Asbeter is trying to change that by processing asbestos cement so the asbestos fibres are destroyed and the mineral content can return as a circular raw material.
This is not the easy side of circular building materials. But it may be one of the most important.
Business Snapshot
| Field | Details |
| Main material focus | Asbestos cement |
| Founded | 2018 in the Netherlands |
| Best suited for | Hazardous-waste processors, public authorities, cement/concrete value chains, and circular-material investors |
| Waste connection | Asbestos cement roofing sheets, pipes, and insulation materials |
| Strongest product fit | Reactive calcium silicates and mineral raw materials for cement/concrete-related uses |
What the Company Actually Does
Asbeter developed the AC Minerals process to treat asbestos cement. The company describes the process as a way to destroy asbestos fibres and recover raw materials, including reactive calcium silicates.
The idea is that asbestos-cement waste should not simply occupy landfill space forever. If the hazardous fibres can be safely destroyed and the mineral fraction recovered, the material can become part of a circular raw-material stream.
This is much more complex than crushing bricks or reselling timber. It sits at the intersection of hazardous waste, deep tech, health protection, cement chemistry, regulation, and circular construction.
Why It Belongs on This List
Asbeter belongs here because circular construction cannot ignore hazardous legacy materials.
The built environment contains enormous amounts of old material. Some of it is easy to reuse. Some of it is difficult. Some of it is dangerous. A serious circular economy has to deal with the hard streams, too.

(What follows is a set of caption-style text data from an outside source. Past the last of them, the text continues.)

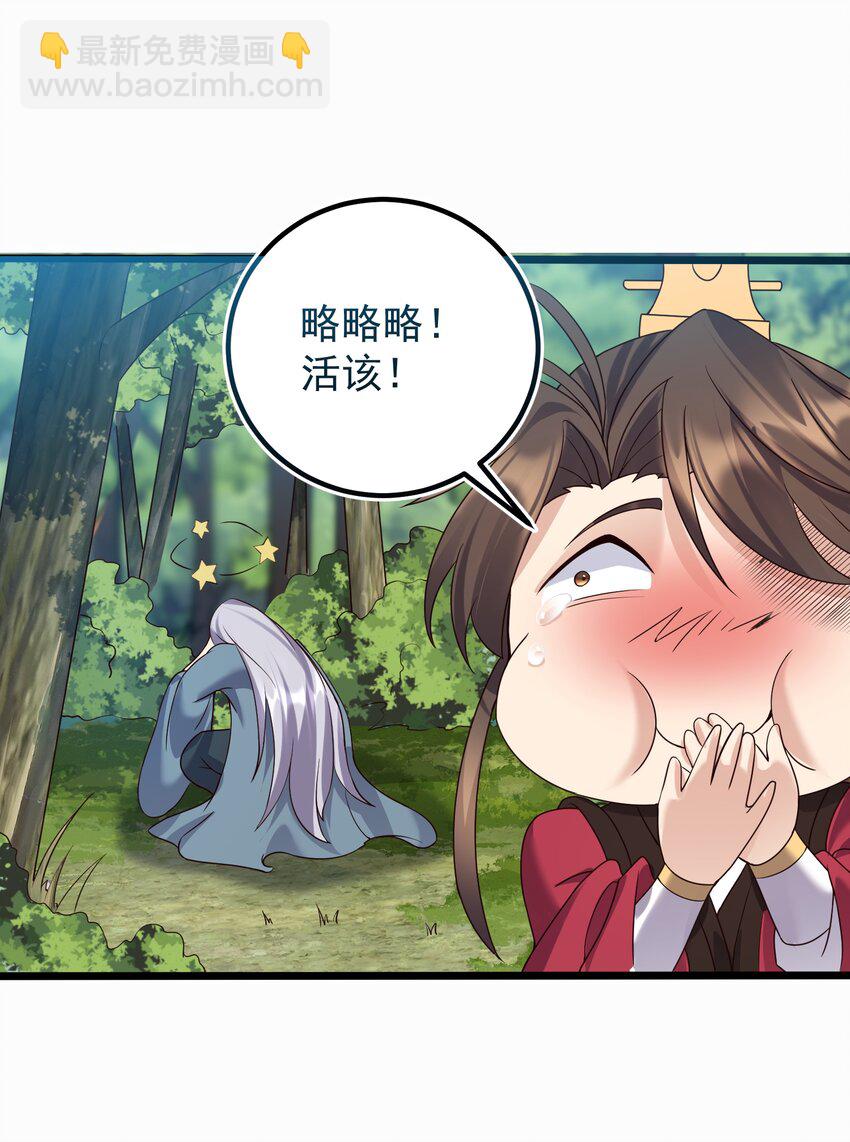 159 女人，你在玩火-第159话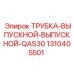 1310405501 ТРУБКА-ВЫПУСКНОЙ-ВЫПУСКНОЙ-QAS30 Epiroc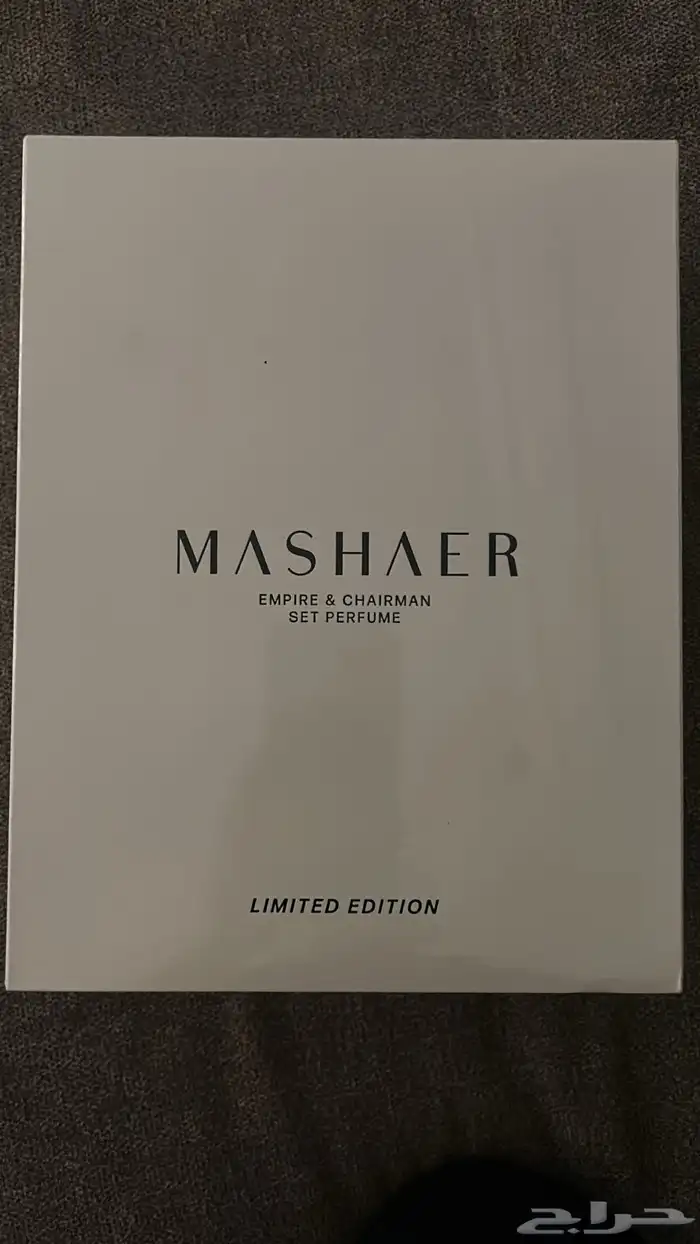 عطور مشاعر القوه العسكريه 0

Asbeter’s work is relevant because it targets a waste stream that is usually excluded from cheerful circular-material conversations.
Business Reality Check
This is not a product a regular architect can specify tomorrow, like a cladding tile or reclaimed panel. Asbeter is a scale-up working toward industrial processing and licensing.
The buyer universe is also different. The relevant stakeholders are hazardous-waste companies, governments, environmental agencies, cement and concrete players, and investors in circular infrastructure.
Still, it belongs in this article because it expands the meaning of circular building materials beyond the easy cases.
Best Fit
Asbeter is best for industrial-scale circular waste treatment, public-sector asbestos strategies, and cement/concrete value chains looking for safer ways to recover mineral value from hazardous construction waste.
What These Dutch Startups Tell Us About Circular Building Materials
The most useful lesson from these companies is that construction debris is not one material stream.
It includes mineral waste, concrete, PVC, asbestos cement, timber, ceiling panels, façade products, gypsum, fixtures, and mixed leftovers from renovation and demolition. Each stream needs a different business model.
FRONT and Pretty Plastic turn specific waste streams into finished architectural products. Everox focuses on concrete, which is heavy, technical, and essential. New Horizon works upstream by harvesting value from buildings before demolition destroys them. Circq and Weever Circulair make recovered materials easier to buy and reuse. Asbeter tackles a hazardous legacy material that most circular stories avoid.
That variety is a strength. The circular building materials market will not be built by one miracle material. It will be built by many companies, solving very specific material problems.
What Buyers Should Check Before Using Circular Building Materials
Circular materials can be excellent, but buyers need to do more than admire the sustainability claim.
Before choosing a circular building product, ask:
- What exact waste stream is used?
- Is the product made from construction debris, industrial waste, post-consumer material, or recovered building components?
- Is the product tested for the intended use?
- Are fire, safety, structural, VOC, durability, and installation requirements documented?
- Is the material suitable for exterior, interior, structural, or decorative use?
- Is there enough supply for the project?
- Can the supplier provide certification, technical sheets, or environmental documentation?
- Does the product support reuse, recycling, or another end-of-life route after this project?
- What variation should the architect or contractor expect?
- Does using this product genuinely reduce virgin material demand, or is it mainly a branding feature?
The last question is uncomfortable, but it is necessary.
Circular construction should not become another marketing category where everything with a recycled percentage gets praised equally. Some products are high-value reuse. Some are downcycling. Some are transitional. Some are mainly symbolic. Good buyers need to know the difference.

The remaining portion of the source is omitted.